Para que esa trasformación en una monarquía con vocación imperial no afectara inapelablemente su mensaje evangélico, la Iglesia inventó el desdoblamiento que le permitía estar presente en lo mejor de ambos reinos: mientras sus prelados y sus príncipes se codeaban con los Hohenstufen y los Habsburgo en este mundo, sus mártires y santos se codeaban con los humildes pescadores que rodearon a Cristo en aquel reino de otro mundo, cuyo absceso ganaron haciendo verdad el verdadero mensaje de aquél, que está hecho de humildad, de hermandad, de caridad, de compasión y de servicio. Durante siglos el desdoblamiento funcionó a la perfección y el pueblo de Dios se compartió entre el sentimiento de respeto y admiración ante la majestad de Roma y el de amor y agradecimiento ante el humilde cura que compartía su pan, sus sufrimientos y su precariedad.
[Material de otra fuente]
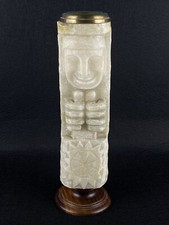 Statua In Marmo Alabastro Scultura Totem Figura Precolombiana Epoca XX Sec.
Pero, en el siglo XIX, tres acontecimientos destruyeron para siempre eso que se llamó el antiguo Régimen y que era el que hacia posible y exitosa una Iglesia desdoblada: la Revolución Francesa y sus múltiples replicas, las consecuencias sociales de la Revolución Industrial y la independencia americana, que dejaba como herencia la primera república democrática moderna regida por un gobierno “del pueblo, por el pueblo y para el pueblo”. La conjunción de estos tres cataclismos inéditos dejó así un escenario en que dos situaciones eran evidentes y consolidadas: la soberanía pasaba a los pueblos y el problema social pasaba al primer lugar de la lista de las necesidades humanas.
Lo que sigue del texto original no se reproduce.